Gossamyr stopped and swung about. Neither Fancy nor Ulrich were in
sight. But she could hear him...talking to someone?
"I beseech thee to allow me passage. No? Very well,
that
way. Yes, follow my direction. You there, follow the finger. Up,
up and away with you. Bloody saints, I shall be here all through the
night!"
"Ulrich?" Gossamyr stepped cautiously through the sooty
darkness. The whisper of a breeze through the long reeds that lined
the path danced them to a crisp shimmy. Her bare feet made not a
sound on the dirt road. The cloak whipped out behind her.
She spied Fancy, unloosed and grazing over a patch of clover.
Another outburst from Ulrich stirred Gossamyr to a trot, her staff
held horizontal and shoulder level, ready to spear.
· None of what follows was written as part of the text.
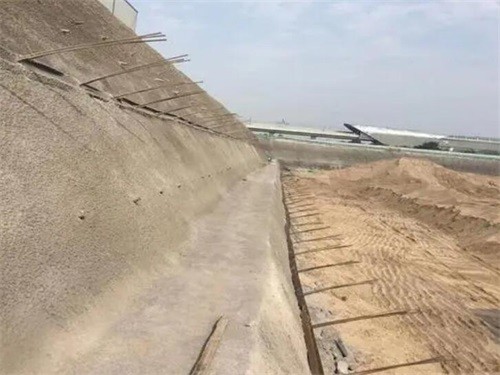思茅河道边坡加固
"Another? Be patient; wait your turn. This way. Not so
pushy!"
"Ulrich?" Now Gossamyr could make out the gray outlines
of Ulrich's head, bowed and swaying as if in deep thought. She veered
from her approach as he swung out a hand and pointed starward.
"You. Yes, you next!"
"Whom are you speaking to?" There was not another person
in the vicinity. To be sure, Gossamyr turned a complete circle—staff
cutting the night—scanning the circumference. Scentless, the
air. Strange, she did neither smell the dirt or grass. She noted they
stood at a crossroad, Ulrich exact center.